_GOAL OF THE EXERCISE_
Print, word for word, the line containing "Сорочечная ткань 16-2120, 120" and all lines beneath it to the end of the entries below. Pictures do not belong in the copy.

_ENTRIES SHOWN_
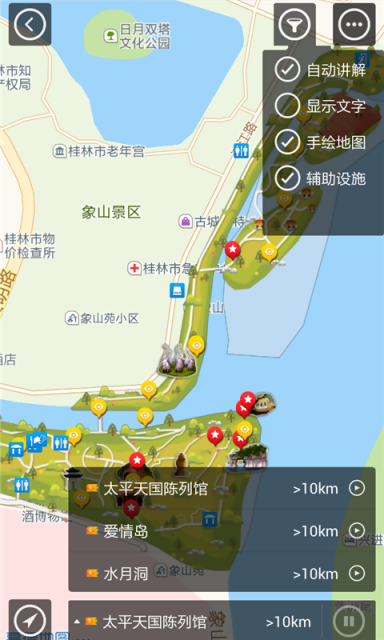 桂林旅游攻略之一路乐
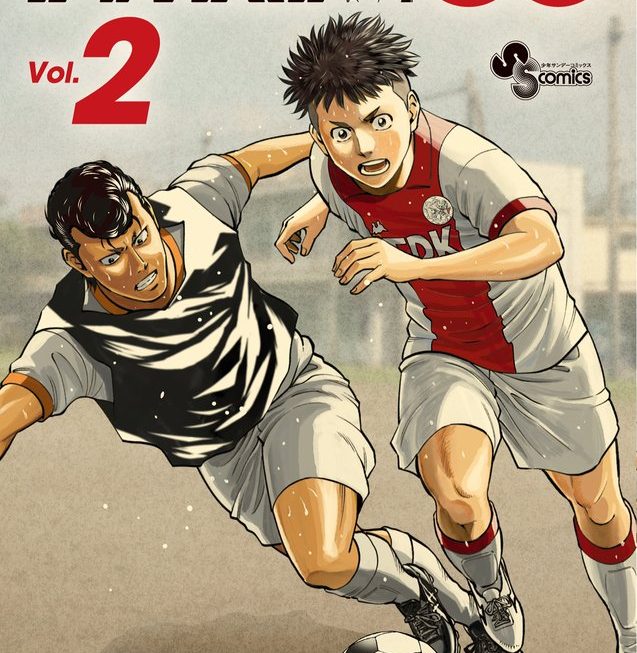 Telstar ’86 Vol. 2, Manga Drama Sepak Bola Kusaba Michiteru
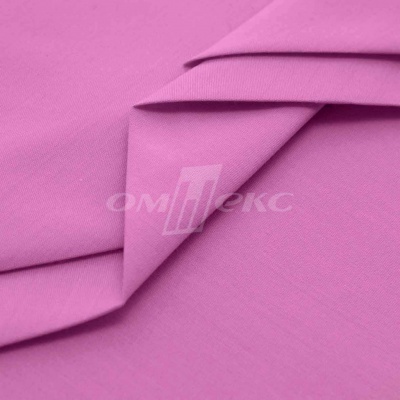 Сорочечная ткань 16-2120, 120 гр/м2, шир.150см, цвет розовый - купить в Волжском. Цена 168.02 руб.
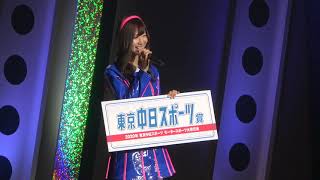 2019日本レースクイーン大賞 東京中日スポーツ賞 生田ちむさん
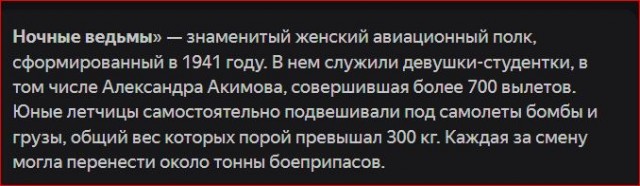 Победная поступь идиотизма по планете – том 15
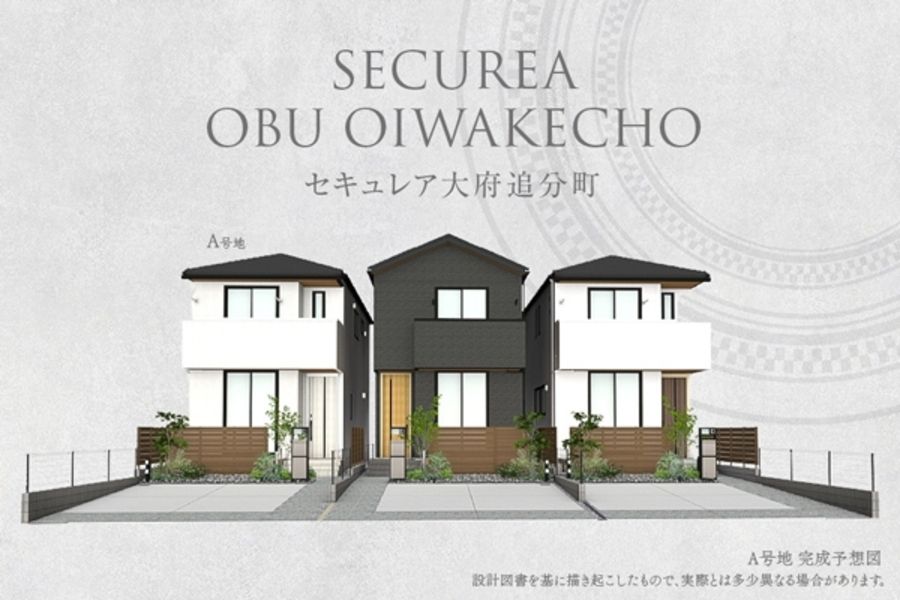 セキュレア大府追分町(分譲住宅)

_ANSWER FOR THE TASK_
 Сорочечная ткань 16-2120, 120 гр/м2, шир.150см, цвет розовый - купить в Волжском. Цена 168.02 руб.
 2019日本レースクイーン大賞 東京中日スポーツ賞 生田ちむさん
 Победная поступь идиотизма по планете – том 15
 セキュレア大府追分町(分譲住宅)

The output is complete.